23 julio 2010

Rancheras en el deslunado

Cada casa del mundo tiene sus trucos, sus misterios y sus manías.

La que ocupo ahora tiene una cocina cuya ventana da a un estrecho deslunado. Ese hueco interior de planta triangular te hace, por algún milagro de la acústica, escuchar nítidamente las conversaciones que tienen lugar en cada una de ellas como si la persona espiada estuviera a tu lado mientras cortas apios.

Desde hace unos días me llega una voz distinta de la cocina del tercero. La que antes ocupaba la pareja jóven que intercambiaba agrios reproches mientras ella preparaba su ensalada y él esperara a que se terminara de hacer su pizza. Era una pareja en evidente fase terminal: vivir con alguien y no cenar lo mismo nunca es una buena señal.  
Pero no permitamos que mis reflexiones sobre dietética conyugal nos desvíen de la cuestión: La nueva voz era una voz firme y pausada, de hombre mayor.
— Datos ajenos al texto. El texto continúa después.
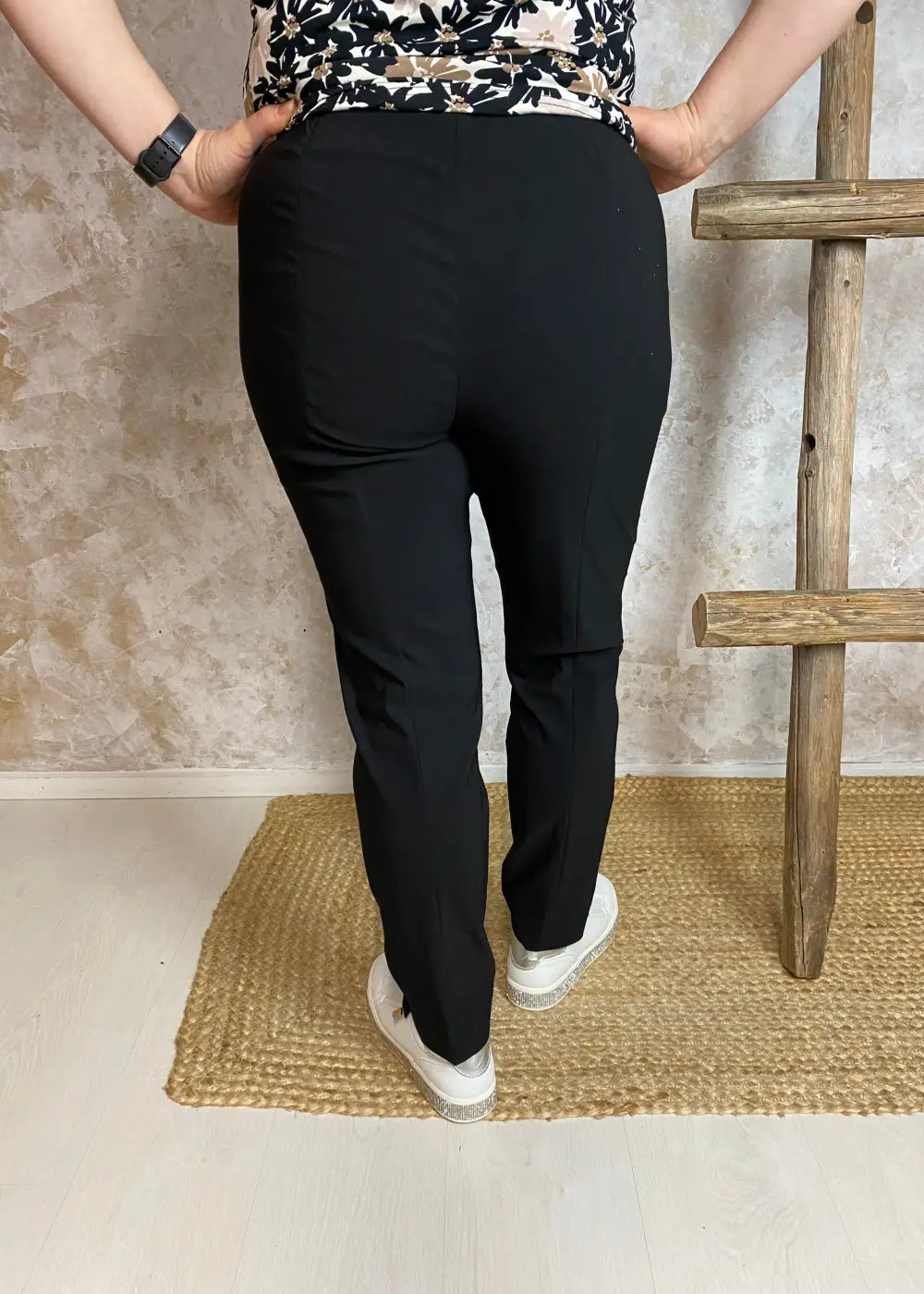 Naisten klassiset stretch-housut hyppyhousumallilla, korkea vyötärö ja kapeneva lahje, sopii työ- ja vapaa-ajan asuihin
Una voz de señor.  Una voz que habla despacio por teléfono y termina meticulosamente las palabras, mimando la dicción. Parece la voz de un hombre reflexivo y métodico,  alguien que madruga, se limpia siempre en servilletas de tela y se plancha la raya del pantalón.

El caso es que esta noche la he escuchado pensando que era la primera vez y de pronto he recordado que la oí la madrugada del sábado pasado. Era una de esas en que llegas algo feliz y perjudicado y te das una ducha y abres la nevera para darle un buen golpe de estado y beber algo frío antes de irte a dormir.
Recuerdo que al abrir la nevera el condenado motor que le da vida se calló dándome tregua por un rato, y con en silencio de la madrugada llegó desde la ventana un quejido prolongado. Al principio pensé que era alguien pidiendo ayuda. Luego me acerqué a la ventana del deslunado y escuché algo lejana una grabación, una ranchera mejicana  La voz que cantaba encima, evidentemente alcoholizada, era la voz de hoy, la voz de la impecable dicción, la de la servilleta y la raya del pantalón. A duras penas vocalizaba la letra, añadiendo una nueva dimensión de pena a la ya de por sí triste canción, subiendo de tono en los estribillos y bajando a un murmullo ahogado y lastímero en las estrofas. Una de esas voces de borrachera espesa y solitaria, una voz que bordaba el aullido apagado de un perro lastimado.

Y realmente no sé quien es ese señor, y habrá a quien  la cosa le puede dar risa si un día me lo cruzo en el ascensor (si algún día llego a tener ascensor), pero desde esta noche ese señor tiene mi respeto y mi comprensión. 
Porque en este mundo histérico de positivismo, ansiolíticos y permanente disponibilidad,  todo el mundo nos debemos, necesitamos, y si no lo tenemos, deberíamos reclamarlo, un momento para estar y sentirnos completa y jodidamente derrotados.  Una sima, un valle, un punto más bajo en el que podamos lamernos las heridas, cantar rancheras en la cocina, o tal vez llorar mientras nos damos un baño. 
Un momento que más tarde, ya recompuestos, recordemos y nos haga sentir que no importa lo que venga después, lo peor ya lo hemos pasado.

5 comentarios:

anna g. dijo...
Yo soy de las que lloran en la ducha. Para disimularme las lágrimas entre la lluvia que cae sobre mi infierno particular.
neko dijo...
Al fin y al cabo frente al mundo intentamos ser solo fachada.

En este caso es como si hubieras compartido su soledad sin que ni siquiera el mismo llegué a ser consciente.

¿Cómo va ese insomnio?
Un saludico
pab dijo...
El insomnio me va genial: cada vez duermo menos :D
neko dijo...
pues chico, aprovecha el tiempo, aprende a hacer punto y te vas tejiendo jerseys y bufandas para el invierno!

Ese algo que te ronda la cabeza llea demasiado tiempo "atrapado" ahi dentro, ya es hora de ayudarle a escapar :)
pab dijo...
Bueno, quiero pensar que el calor está teniendo tambien algo que ver, a ver si este finde refresca un poco.
Pero me apunto lo de las labores, lo de las abuelas con la lana y las agujas siempre me ha parecido un superpoder.